Causas de la activación inmunitaria
Los estudios efectuados en humanos con VIH han evidenciado que, durante las primeras etapas de la infección, el virus infecta y mata rápidamente las células-T presentes en los tejidos de la mucosa, produciéndose la mayor destrucción de células-T CD4 en el intestino (véase ‘Cuestiones Básicas’ del VAX de abril de 2006, ‘Entender las primeras etapas de la infección por VIH’). En la mayoría de personas, nunca llega a recuperarse el gran número células inmunitarias que se pierden en el intestino en las fases tempranas de la infección, ni siquiera tras el inicio de la terapia antirretroviral de gran actividad (TARGA). Algunos investigadores proponen que esta depleción masiva de células-T en el intestino permite que las bacterias patógenas presentes allí habitualmente puedan escabullirse y circular de manera más abierta por el cuerpo, aumentando la carga sobre el sistema inmunitario. Éste es un factor que los científicos piensan que podría contribuir en el nivel elevado de activación inmunitaria en personas con el virus de la inmunodeficiencia humana.
El VIH, asimismo, actúa sobre un subgrupo de las células-T responsables de atenuar las respuestas inmunitarias y mantener a punto el sistema inmunitario.

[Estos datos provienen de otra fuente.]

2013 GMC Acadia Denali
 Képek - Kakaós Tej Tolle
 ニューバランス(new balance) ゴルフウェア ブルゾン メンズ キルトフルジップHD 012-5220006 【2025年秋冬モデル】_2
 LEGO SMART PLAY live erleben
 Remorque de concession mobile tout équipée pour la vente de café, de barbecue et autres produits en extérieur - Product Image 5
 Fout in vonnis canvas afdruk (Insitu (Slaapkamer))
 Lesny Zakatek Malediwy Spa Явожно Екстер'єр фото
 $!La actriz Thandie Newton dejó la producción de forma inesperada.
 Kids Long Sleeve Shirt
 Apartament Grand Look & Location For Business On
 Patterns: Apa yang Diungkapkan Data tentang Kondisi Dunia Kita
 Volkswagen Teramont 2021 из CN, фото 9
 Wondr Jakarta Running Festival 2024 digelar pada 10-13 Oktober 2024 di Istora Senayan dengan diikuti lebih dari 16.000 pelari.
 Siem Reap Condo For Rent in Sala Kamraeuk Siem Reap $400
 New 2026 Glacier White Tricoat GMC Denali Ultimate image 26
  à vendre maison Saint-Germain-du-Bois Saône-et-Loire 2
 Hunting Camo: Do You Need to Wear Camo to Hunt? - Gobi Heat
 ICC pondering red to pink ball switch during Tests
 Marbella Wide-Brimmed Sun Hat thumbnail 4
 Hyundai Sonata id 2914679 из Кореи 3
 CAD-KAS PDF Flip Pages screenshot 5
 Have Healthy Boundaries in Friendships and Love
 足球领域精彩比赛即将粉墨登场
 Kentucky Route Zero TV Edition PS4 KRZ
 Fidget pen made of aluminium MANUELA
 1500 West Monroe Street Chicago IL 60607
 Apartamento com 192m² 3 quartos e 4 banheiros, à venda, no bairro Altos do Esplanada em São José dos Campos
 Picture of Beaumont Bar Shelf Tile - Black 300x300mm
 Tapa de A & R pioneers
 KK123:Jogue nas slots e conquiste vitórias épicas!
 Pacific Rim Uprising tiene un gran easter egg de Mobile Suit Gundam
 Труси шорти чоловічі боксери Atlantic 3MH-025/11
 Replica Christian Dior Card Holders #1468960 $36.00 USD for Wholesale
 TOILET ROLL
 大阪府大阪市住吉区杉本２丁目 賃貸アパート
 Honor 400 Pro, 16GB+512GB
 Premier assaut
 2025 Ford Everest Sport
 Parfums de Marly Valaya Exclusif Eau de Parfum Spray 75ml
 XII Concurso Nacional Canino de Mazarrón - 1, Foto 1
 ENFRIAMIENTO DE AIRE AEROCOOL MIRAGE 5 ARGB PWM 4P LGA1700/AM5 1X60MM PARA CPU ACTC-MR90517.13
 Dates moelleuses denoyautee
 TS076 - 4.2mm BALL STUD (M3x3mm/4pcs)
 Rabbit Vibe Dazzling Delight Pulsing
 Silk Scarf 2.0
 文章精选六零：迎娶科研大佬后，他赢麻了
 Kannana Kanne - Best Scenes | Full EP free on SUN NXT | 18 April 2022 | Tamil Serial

Estas células-T, denominadas reguladoras, desempeñan un papel importante en la supresión de las respuestas inmunitarias una vez se ha eliminado la infección y también evitan que el sistema inmunitario se exceda y ataque al propio organismo. Se sabe poco acerca de la función de las células-T reguladoras en la infección por VIH, pero se trata de un campo de investigación abierto que, quizá, arroje más luz sobre la labor de la activación inmunitaria en la patogénesis del VIH.
Aunque el objetivo ideal es desarrollar una vacuna contra el sida capaz de prevenir completamente la infección por VIH, una que tuviera una eficacia parcial, capaz de controlar el virus en los primeros días de la infección, podría ayudar a evitar el grave daño que sufre el sistema inmunitario y permitir que el organismo controle mejor al virus. Esto podría aliviar algunas de las causas de la activación inmunitaria crónica y, tal vez, ayudar a retrasar la progresión de la infección en personas que pudieran infectarse por VIH a través de la exposición natural, a pesar de la vacunación.